Note: After visiting LiloTang, I started asking fishmongers whether they could get black cod as I was keen to replicate this dish. Unfortunately, it’s listed as a vulnerable species and recreational/commercial fishing of black cod is prohibited in Australian waters.   

Black Cod Saikyo Miso Yaki

The duck breast is called beautifully and sits in a sweet and salty sukiyaki sauce, which is more like a broth. As I carve open the tempura egg to let the runny yolk out, I remember that sukiyaki is always served with a raw egg (that you dip your meat in before eating), and suddenly it makes sense why this tempura egg is a part of this dish.

 The last dish in the tasting menu is Chargrilled Cabbage, Anchovy Garlic Dressing and Semi Dried Tomato. It’s simple and after the complex flavours before it, a good way to end the meal. For some unknown reason I was expecting the semi dried tomatoes to be oily and garlicky (like the ones you buy in the jar!), but fortunately they must have been dried in-house and were sweet and slightly acidic.

Duck Breast Sukiyaki with Tempura Egg

Chargrilled Cabbage, Anchovy Garlic Dressing and Semi Dried Tomato

Not being able to hold ourselves back from dessert, we also order the Sticky Mochi-mochi Tofu with Green Tea Ice Cream, and the Roast Persimmon, Yuzu Ice Cream, Walnuts and Umeshu.

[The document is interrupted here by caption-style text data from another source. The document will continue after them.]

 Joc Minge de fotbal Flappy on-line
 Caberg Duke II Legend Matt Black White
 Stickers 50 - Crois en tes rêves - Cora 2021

The mochi-mochi tofu is the better of the two desserts – it’s clean and simple, and the flavour of the tofu pairs really well with the green tea ice cream. The roast persimmon dish is served in a hot bowl with a warm syrup, so the ice cream’s already melting by the time it’s hit the table and I feel like I need to get through it quickly before it all turns to liquid. I really love the flavour of yuzu as it’s quite unlike any other citrus we normally have here, but it was lacking in the ice cream and wasn’t able to contrast with the sweet syrup.

Sticky Mochi-mochi Tofu with Green Tea Ice Cream

Roast Persimmon, Yuzu Ice Cream, Walnuts and Umeshu

LiloTang definitely brings a much-needed kick into Canberra’s restaurant scene. It’s not that we don’t have good Japanese restaurants here – but none that push the envelope of what Japanese food is all about and what we (as diners) should expect. I like that they’ve gone with a less formal approach as it suits the style of the food, especially given the nature of the shared dishes.